Senate Bill 182 would require the director of the Ohio Department of Job and Family Services to institute the program for applicants of cash, medical, housing, food or energy assistance through Ohio Works First.
Schaffer, R-Lancaster, previously pushed for the creation of the pilot program through Senate Bill 69 in the last legislature and Senate Bill 178 in the 128th General Assembly.
“Implementing this bill is the compassionate thing to do,” Schaffer said. “It will fight to end the cycle of poverty by referring the drug users to treatment and providing safety for children. This bill is in the interest of protecting children and making sure they, our most innocent citizens, get the help they need.”
Under the program, an individual applying for cash assistance would be required to complete an assessment.
Schaffer said if the assessment showed reasonable cause or suspicion that the applicant is using drugs the applicant would then be required to take a drug test.
Applicants would be responsible for the cost of the drug test.
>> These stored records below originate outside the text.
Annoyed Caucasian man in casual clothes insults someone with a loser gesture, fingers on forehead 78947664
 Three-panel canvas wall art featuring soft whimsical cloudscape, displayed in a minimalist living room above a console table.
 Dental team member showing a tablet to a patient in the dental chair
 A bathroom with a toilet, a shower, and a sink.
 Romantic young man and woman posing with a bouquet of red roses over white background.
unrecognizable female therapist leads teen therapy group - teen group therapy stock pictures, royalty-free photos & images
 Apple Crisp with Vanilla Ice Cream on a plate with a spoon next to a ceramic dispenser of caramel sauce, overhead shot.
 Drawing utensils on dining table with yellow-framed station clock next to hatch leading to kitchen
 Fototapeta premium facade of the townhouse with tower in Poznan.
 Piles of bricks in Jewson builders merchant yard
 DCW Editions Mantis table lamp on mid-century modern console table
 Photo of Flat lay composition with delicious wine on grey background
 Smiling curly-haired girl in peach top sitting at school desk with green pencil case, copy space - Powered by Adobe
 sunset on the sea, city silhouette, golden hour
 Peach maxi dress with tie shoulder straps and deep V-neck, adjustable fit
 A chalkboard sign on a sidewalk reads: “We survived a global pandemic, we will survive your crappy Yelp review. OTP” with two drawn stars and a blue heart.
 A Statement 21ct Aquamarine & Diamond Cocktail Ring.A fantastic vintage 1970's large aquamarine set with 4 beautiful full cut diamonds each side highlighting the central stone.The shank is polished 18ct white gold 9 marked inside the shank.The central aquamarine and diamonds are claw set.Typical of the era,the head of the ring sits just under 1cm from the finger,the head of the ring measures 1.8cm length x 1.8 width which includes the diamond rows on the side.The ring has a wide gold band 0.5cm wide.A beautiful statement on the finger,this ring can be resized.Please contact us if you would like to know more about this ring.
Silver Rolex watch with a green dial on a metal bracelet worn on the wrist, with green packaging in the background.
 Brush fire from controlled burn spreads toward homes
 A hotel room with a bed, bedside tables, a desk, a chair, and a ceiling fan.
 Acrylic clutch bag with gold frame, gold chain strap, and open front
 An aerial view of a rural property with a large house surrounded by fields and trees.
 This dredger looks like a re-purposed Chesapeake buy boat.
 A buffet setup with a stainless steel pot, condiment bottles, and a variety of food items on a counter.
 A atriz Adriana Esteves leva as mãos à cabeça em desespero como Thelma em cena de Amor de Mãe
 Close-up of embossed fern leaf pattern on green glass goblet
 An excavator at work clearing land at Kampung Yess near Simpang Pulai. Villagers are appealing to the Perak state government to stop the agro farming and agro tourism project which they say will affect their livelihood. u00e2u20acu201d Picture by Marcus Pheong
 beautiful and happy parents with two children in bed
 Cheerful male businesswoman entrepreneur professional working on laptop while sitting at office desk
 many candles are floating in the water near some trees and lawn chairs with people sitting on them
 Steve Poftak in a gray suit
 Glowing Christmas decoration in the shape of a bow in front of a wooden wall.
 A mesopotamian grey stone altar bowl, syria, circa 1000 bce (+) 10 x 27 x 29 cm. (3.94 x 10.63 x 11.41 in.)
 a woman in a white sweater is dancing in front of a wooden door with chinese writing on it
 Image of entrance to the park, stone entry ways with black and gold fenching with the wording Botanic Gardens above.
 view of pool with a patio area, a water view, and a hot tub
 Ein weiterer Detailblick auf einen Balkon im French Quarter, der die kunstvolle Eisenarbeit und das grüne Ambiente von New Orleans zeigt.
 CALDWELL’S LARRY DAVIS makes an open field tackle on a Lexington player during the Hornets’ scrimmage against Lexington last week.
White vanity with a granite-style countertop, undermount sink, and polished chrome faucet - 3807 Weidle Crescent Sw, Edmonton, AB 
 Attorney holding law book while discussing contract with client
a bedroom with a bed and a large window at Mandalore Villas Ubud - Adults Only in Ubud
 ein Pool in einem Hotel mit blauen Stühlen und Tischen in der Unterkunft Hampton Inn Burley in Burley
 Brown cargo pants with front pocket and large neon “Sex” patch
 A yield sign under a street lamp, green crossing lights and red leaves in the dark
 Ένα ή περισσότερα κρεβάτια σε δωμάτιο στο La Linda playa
Individuals would be reimbursed for negative tests.
Schaffer noted that in 1996 the federal government passed the Personal Responsibility and Work Opportunity Reconciliation Act, also known as welfare reform.
“This act includes a provision which states: ‘Notwithstanding any other provision of the law, states shall not be prohibited by the federal government from testing welfare recipients for use of controlled substances nor from sanctioning welfare recipients who test positive for use of controlled substances,’” he said, adding that his bill “provides a tool to identify serious problems before they become catastrophes.”
“By instituting a drug testing program, this pilot program will reinforce the integrity of Ohio Works First by ensuring a level of personal responsibility and instilling confidence for employers who wish to hire those attempting to come off of public assistance.”
The lawmaker noted language in the bill that provides for a protective payee to ensure that children of drug users would still receive their benefits despite their parent’s denial.
“So not only are those children not being denied their benefits, but those children would also be assured that their parent’s drug abuse is not diverting the state’s funds that they need and that we are not ignoring the problem until it gets out of control,” Schaffer said.
SB 182 calls for a $100,000 appropriation for fiscal years 2014 and 2015.
“We can no longer afford to turn a blind eye to this problem,” Schaffer said. “This is a difficult issue largely in part because there is no hard data. That is why we have chosen to do a pilot program that will provide us with the information necessary to further the public debate and improve our public assistance programs.”
As he researched the issue with interested parties, Schaffer said he became increasingly convinced that the proposed legislation could help Ohioans “break the cycle of drug-induced poverty.”
“It inherently has a deterrent affect as well as the obvious awareness factor. It addresses a problem in our families before it becomes a catastrophic problem,” he said. “The need for treatment will be there with or without this bill. The question is not if there is a need, but are we going to address this need or are we going to continue to pretend that it does not exist.”
If the bill is signed into law, the director would have to launch the program no later than 90 days after the bill’s effective date.
The pilot program would be operated for two years in three counties selected by the director.
SB 182 is co-sponsored by Sens. Jim Hughes, Randy Gardner, Kris Jordan, Joe Uecker, and Dave Burke.
The bill is awaiting a committee assignment.